Clues: Serial shows “No IR code” often; actions feel delayed.
Broken code:
if ir_rx.any():
pass # Missing read and action; loop runs too fast without delay
Fixed code:
if ir_rx.any(): # Check code exists
code = ir_rx.code[0] # Read first buffered code
print("[IR] Code:", hex(code)) # Log the code
# Handle action here (direction/speed) # Do the mapped behavior
time.sleep_ms(250) # Add a small delay for stability
Why it works: Reading the buffer and adding a short delay reduces missed events.
Avoid next time: Always read code[0] and keep logs compact.
🐞 Debugging 3.5.B – Slow response
Problem: Car feels sluggish after button presses.
Clues: Very large delays or too many prints clog the loop.
Broken code:
time.sleep_ms(1200) # Delay is too large for responsive driving
print("Lots of text...") # Excessive printing every loop
Fixed code:
time.sleep_ms(250) # Keep delays short (150–300 ms)

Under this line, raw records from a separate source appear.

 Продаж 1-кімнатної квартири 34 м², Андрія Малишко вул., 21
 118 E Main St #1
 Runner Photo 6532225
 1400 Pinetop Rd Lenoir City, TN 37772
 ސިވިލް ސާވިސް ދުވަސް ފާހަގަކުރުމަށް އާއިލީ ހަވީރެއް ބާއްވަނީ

print("[Move] FORWARD") # Print single, clear status lines
Why it works: Short delays + concise logs keep the control loop snappy.

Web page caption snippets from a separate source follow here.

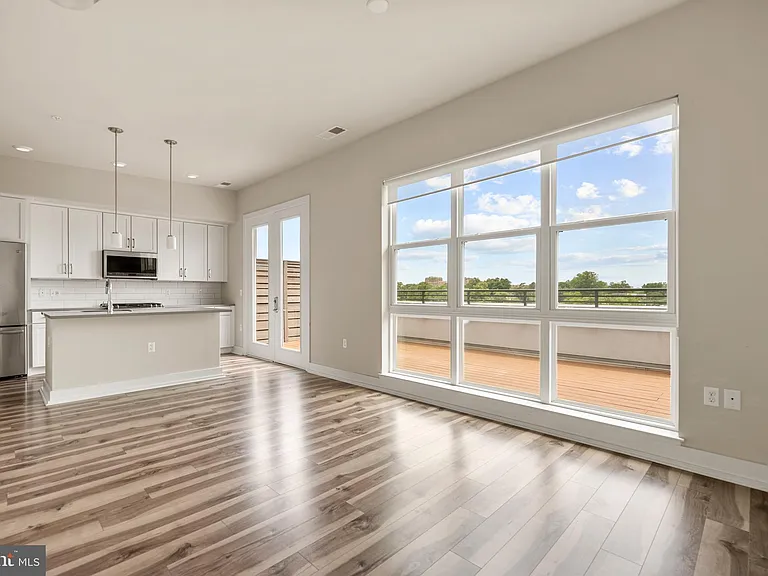 1800 Mount Vernon Ave #401 — Photo 9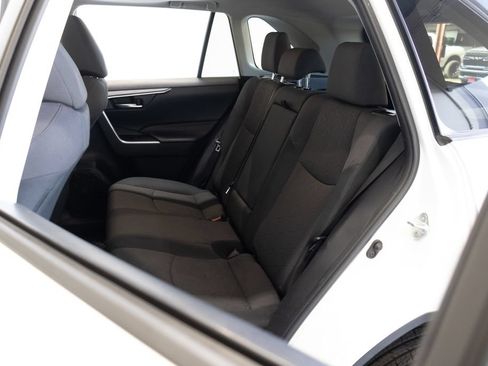 Used 2019 Toyota RAV4 XLE w/ Carpet Mat Package AWD/4WD image 19
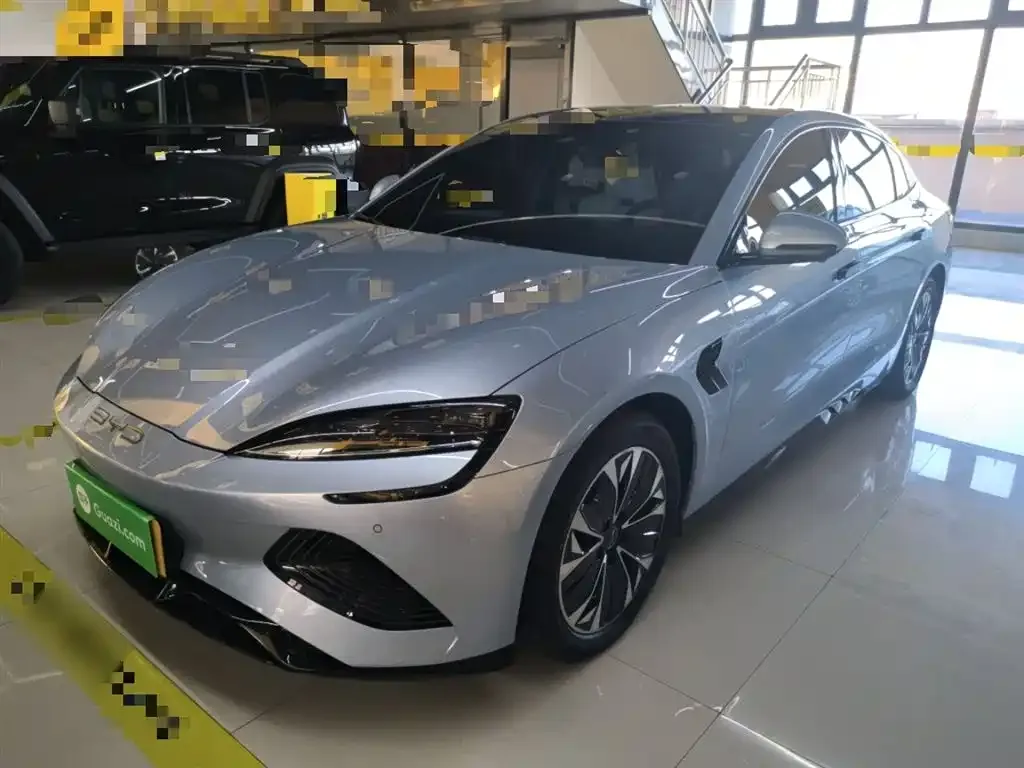 BYD Seal — фото 1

Avoid next time: Avoid long sleeps and repeated verbose prints.
✅ Final checklist
- Up/Down/Left/Right control directions correctly
- Numbers set speed levels (low/med/high/stop)
- Modes (# turbo, * quiet) change behavior
- Serial logs are clear and short
- Motors stop safely on OK or 0
📚 Extras
- 🧠 Student tip: Practice gentle button taps—single presses control better than holding.
- 🧑🏫 Instructor tip: Verify GND is shared between D1 R32 and L298N before testing.
- 📖 Glossary:
- PWM (duty): How much power the motor sees (0–1023).
- Direction pins: Choose forward/back for each motor.
- Hex code: Base‑16 number used by the IR remote protocol.
- 💡 Mini tips:
- Keep IR receiver away from bright lights.
- Align the remote to the sensor window.
- Test directions with wheels lifted first.